Well, that report is devastating, and I had heard of it, but I read it and you can find it online very easily, and all three volumes. It’s worth reading. So, that’s really what convinced me that I was on to something.

Nico: Let’s analyze, put some meat to that thesis. You give us the example at your college, the Lewis & Clark involving the satirical flyer and you posit that Ed School trained administrators are advancing sort of an alternative curriculum especially surrounding alleged hatred and bigotry and the curriculum has two prongs. Anything that could be construed as bigotry and hatred should be construed as bigotry and hatred. It reminds me of the old Christopher Hitchens saying that it’s common on the right and the left to assume that anyone’s lowest possible motive is their only possible motive. And two, that any such instance of bigotry and hatred should be considered part of an epidemic.

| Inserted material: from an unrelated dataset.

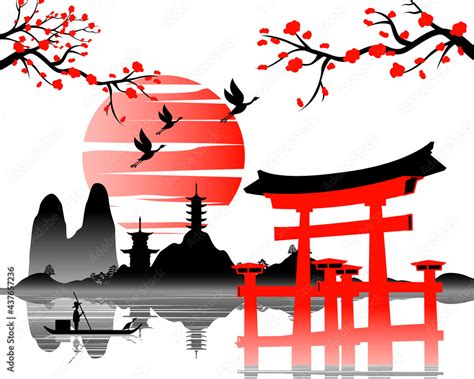 Japanese art with ancient design of Torii gate and the beautiful nature ...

And in your piece you cite three different controversies beyond your Lewis & Clark example that kind of lend credence to this thesis. Of course, there’s the 2007 Delaware residents life program, the Yale Halloween costume controversy, and then you take a look and analyze deeply the article by Derald Wing Sue and his six coauthors Racial Microaggressions in Everyday Life.

FIRE was involved in the Delaware program, the Yale Halloween costume controversy. Greg was intimately involved in the Yale Halloween costume controversy. So, where does the nexus go there? Let’s start there?

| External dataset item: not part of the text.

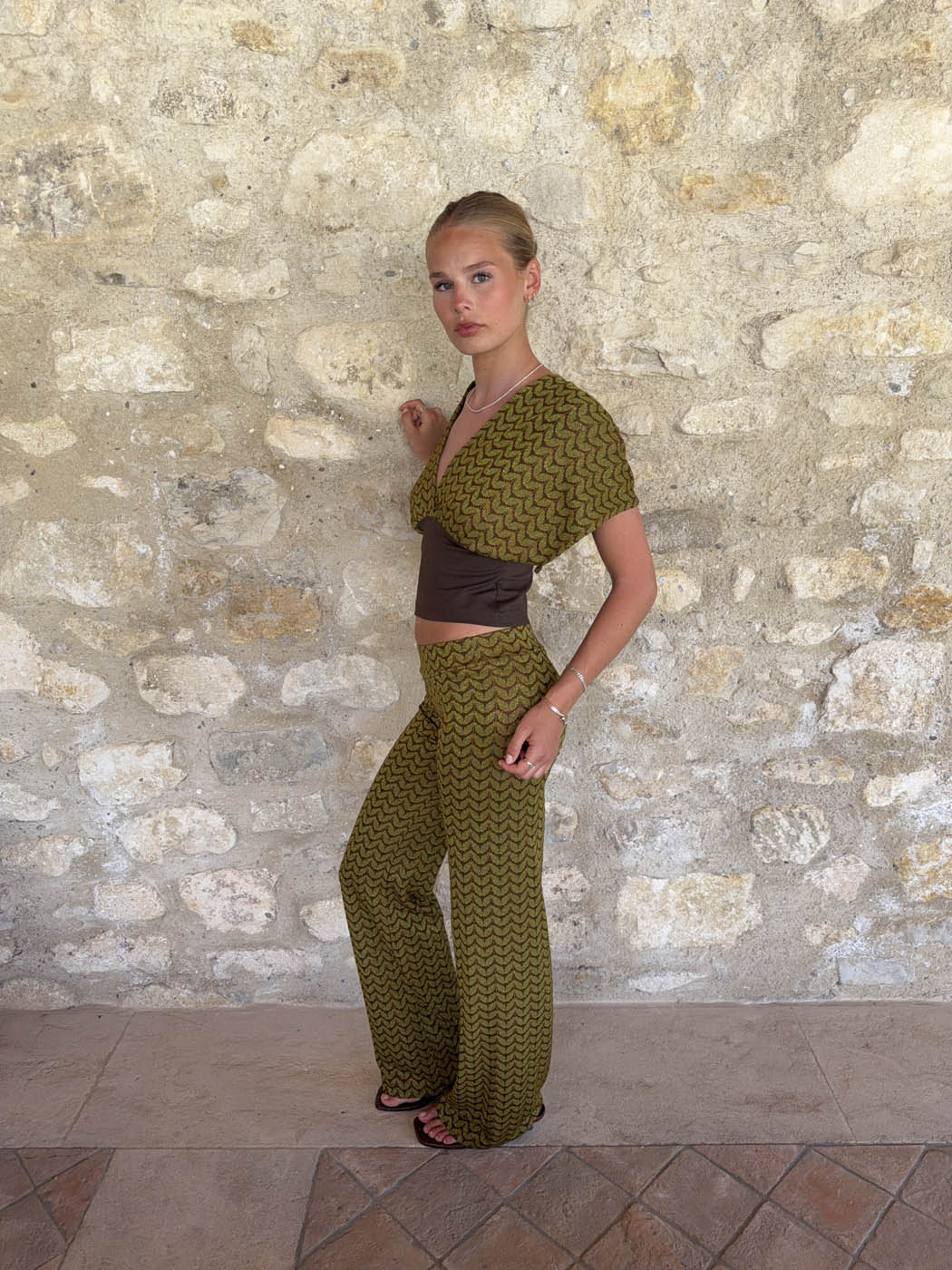 Viga pants with pattern - Khaki/green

Lyell: To the Yale Halloween costume controversy?

Nico: Yeah.

Lyell: Well, you know, all of these have it’s an alloy. It’s not only Ed School trained administrators but the Yale controversy began with Birdwell Howard and I don’t know anything about him personally, but I do know he was trained in an Ed School. And he simply arrived on campus and one thing that’s lost in that story is that a lot of people come away from the story. They heard something on the news, and they assume that people were objecting to terrible Halloween costumes that had been worn. You know, this was before Halloween. And if you actually comb the web and talk to people at Yale, they say, “Well, we really haven’t had any bad Halloween costumes.”

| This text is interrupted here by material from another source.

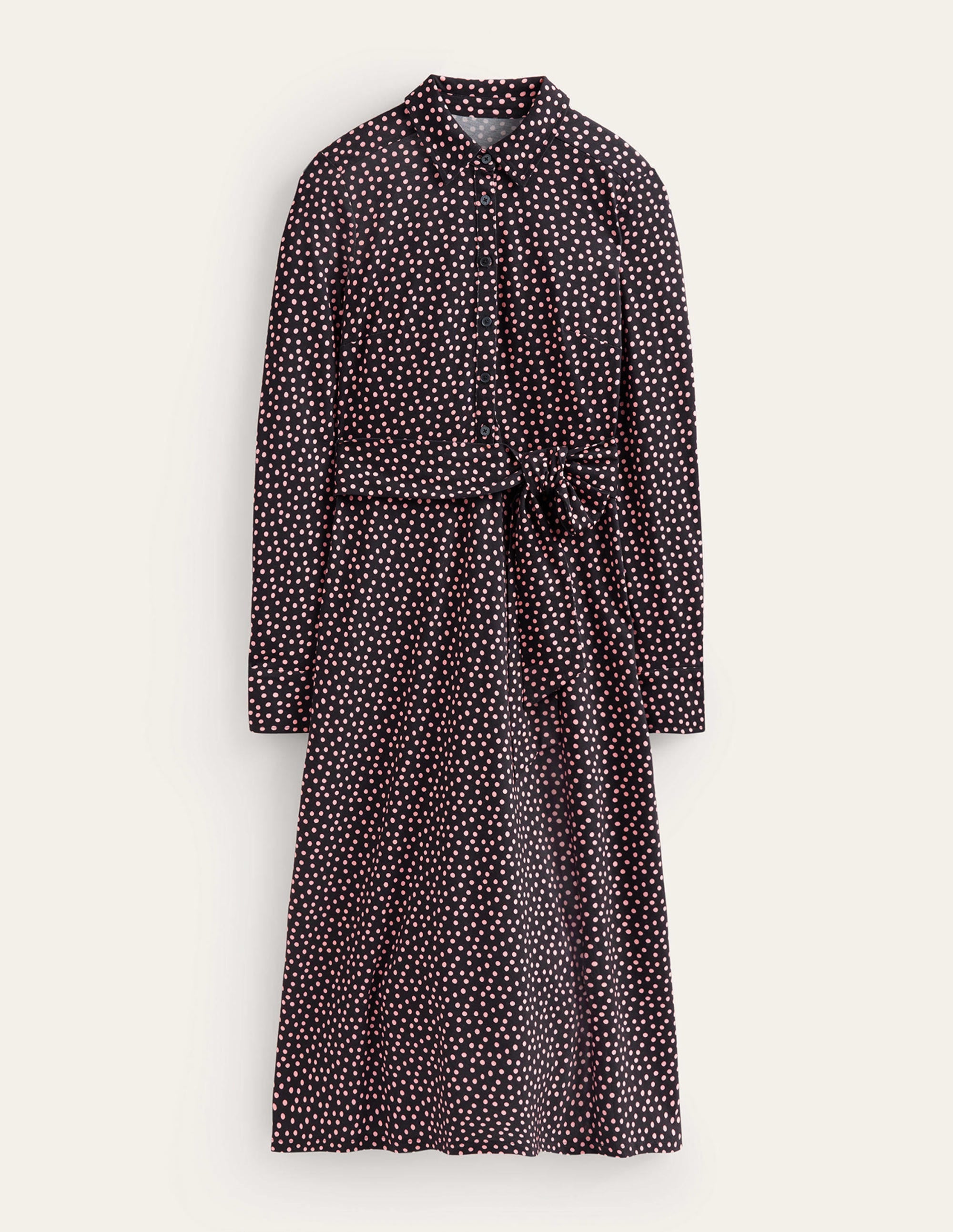 Laura Jersey Midi Shress-Black, Abstract Dot - Image 5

The earliest one I could find was ten years earlier and that was just a report of one. There was no picture there was no nothing. So, Howard had been formerly employed at Northwestern, so I went back and found out that, in fact, he had sent the identical letter to Northwestern. Now, I don’t know the history of Northwestern and whether did they have a Halloween controversy, but he arrived on campus, sends out this email and the most remarkable thing about that email was the links that he attached. And the links when you clicked on them, I think I mentioned this in the article, they led students into the –

Nico: Yeah, you said they had –

Lyell: -- an archive of just the most vile racist images you’ve ever seen. As if in case you’re wondering what racist images are, here they are. I can’t imagine being a student of color or, in fact, a White student and clicking on those images and not being appalled. I’m not saying he should have sent them, but it’s rather ironic isn’t it that he was suggesting that intentions don’t matter, and these images are bad regardless of the context and he sends people to links to the very images. This is mind blowing to me.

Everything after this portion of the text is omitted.